Refayet Ullah Mirdha
Refayet Ullah Mirdha

Bangladesh could not gain from the zero duty benefit offered by India six years ago as the neighbouring country also imposed a host of tariff and non-tariff barriers that negated the original gesture.

Even without any free trade agreement, countries such as Indonesia, Malaysia, Thailand, Myanmar and Sri Lanka have higher exports to India than Bangladesh.

In 2011, when India extended the duty benefit, Bangladesh accounted for only 0.1 percent of the neighbouring country's imports. That ratio now stands at 0.2 percent.

Following then Indian prime minister Manmohan Singh's visit to Dhaka in September 2011, the neighbouring country's government extended duty-free benefits to all Bangladeshi products save for two alcoholic beverages.

But in the following year, the Indian government imposed a 12.36 percent countervailing duty on Bangladeshi apparel shipments, the country's main export item.

Countervailing duties are the tariffs levied on imported goods to offset subsidies made to producers of these goods in the exporting country.

“Our garment export to India would have been way higher had there been no countervailing duty in place,” said Farkhunda Jabeen Khan, director of MAKS Attire, which exports to India.
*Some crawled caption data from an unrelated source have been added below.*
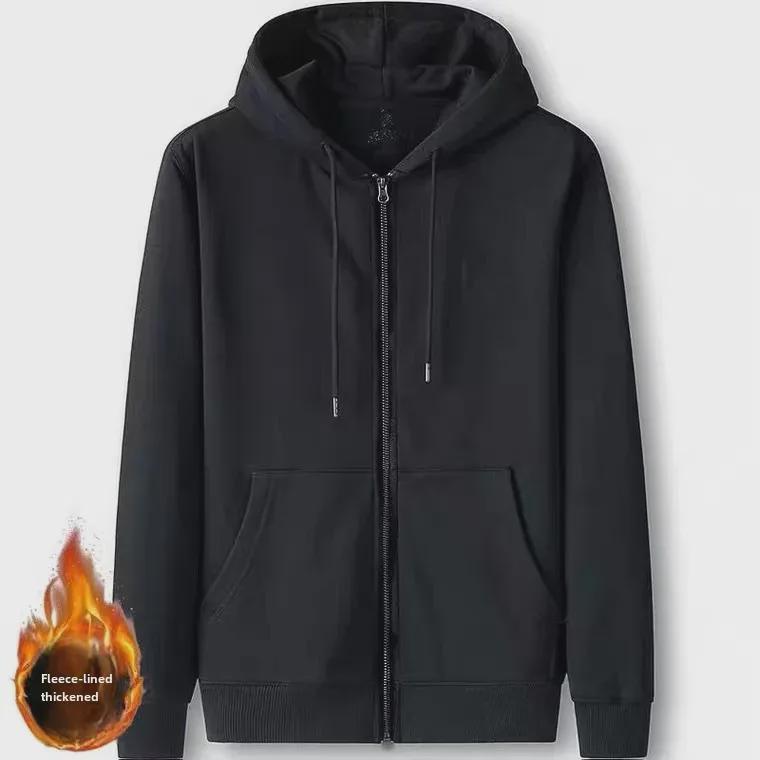 VantaGoods Heren 2024 Winter Verdikt Fluwelen Katoenen Capuchon Cardigan Sweatshirt met Rits 2XL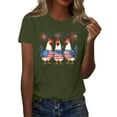 thumbnail image 1 of 4Th Of July Outfits For Women, Short Sleeve Tops Lightweight Soft Casual Summer Outfits Clothes American Flag Shirt Outfits Women Western Fourth Outfit Tank Tops Shirts Tops (L, Army Green) ZMTing, 1 of 4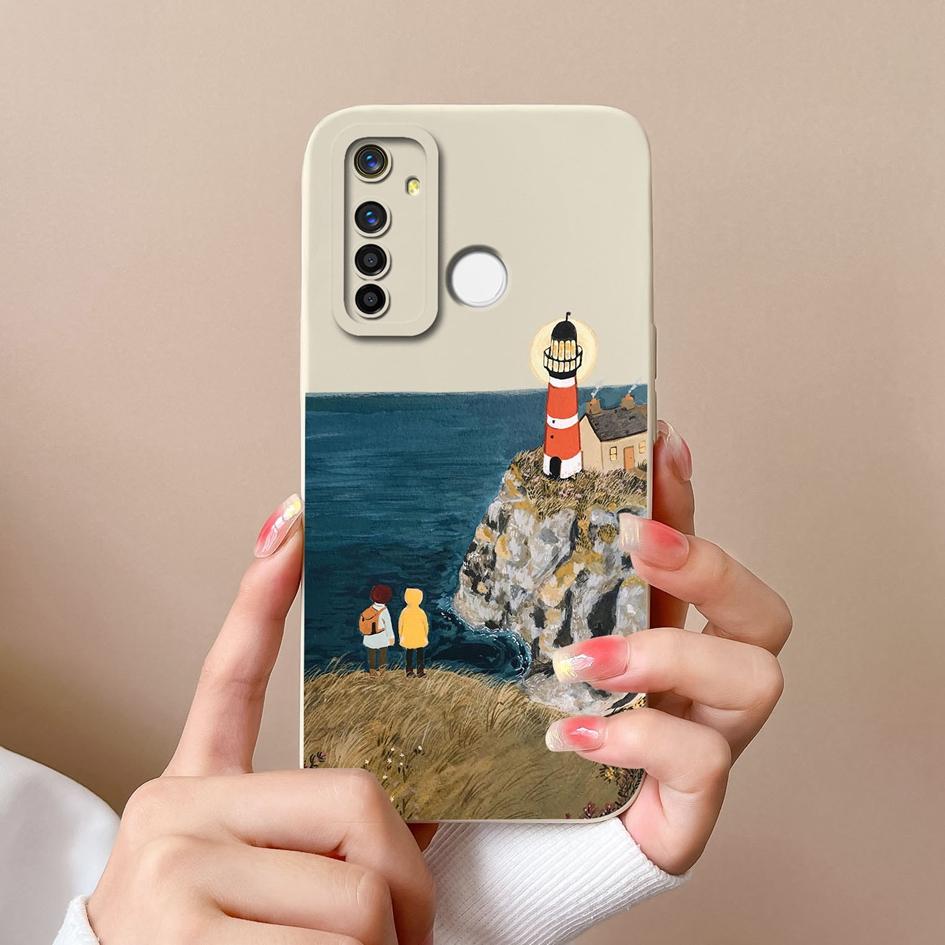 Cover Case For Oppo Realme X2 X7 V13 V15 Q5 Q5i Q Q3 Q3i Pro F29 A5 Spectacular Mountain Range Pattern Liquid Silicone Protective Cover For Oppo Shell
India's apparel market is worth nearly $40 billion a year, according to Khan. “By all means it is a substantial market,” she added.

Pran-RFL Group, one of the largest exporters to India from Bangladesh, saw its exports to India edge up a little after the duty-free benefit, said its Marketing Director Kamruzzaman Kamal.

India accounted for 35 percent of the company's export receipts of $184 million in fiscal 2015-16.

But, there are non-tariff barriers still in place, such as the non-acceptance of testing certification of the Bangladesh Standards and Testing Institution, he said.

Currently, India accepts BSTI certification for 14 Bangladeshi products, and most of the food items are left out from this list.

“We have to face a lot of challenges because of this,” Kamal said.

Since the BSTI certification is not accepted, the Indian side takes the samples from almost all consignments at the land port and sends them to the central labs for testing. “This process is time-consuming.”

The goods are left in the land ports for many days without any care, as a result of which the quality of food items like juice, biscuits and spices sometimes deteriorates, he said, adding that the cost of shipments goes up too.

Bangladesh's jute exporters are the latest to feel hard done by due to the neighbouring country's anti-trade stance. In January, India imposed anti-dumping duty ranging from $6.30 to $351.72 per tonne on import of jute and jute goods from Bangladesh and Nepal.

The anti-dumping duty, which is a protectionist tariff that a domestic government imposes on foreign imports that it believes are priced below fair market value, has been imposed for five years.

India accounted for about 30 percent of Bangladesh's jute and jute shipments worth $919 million last fiscal year.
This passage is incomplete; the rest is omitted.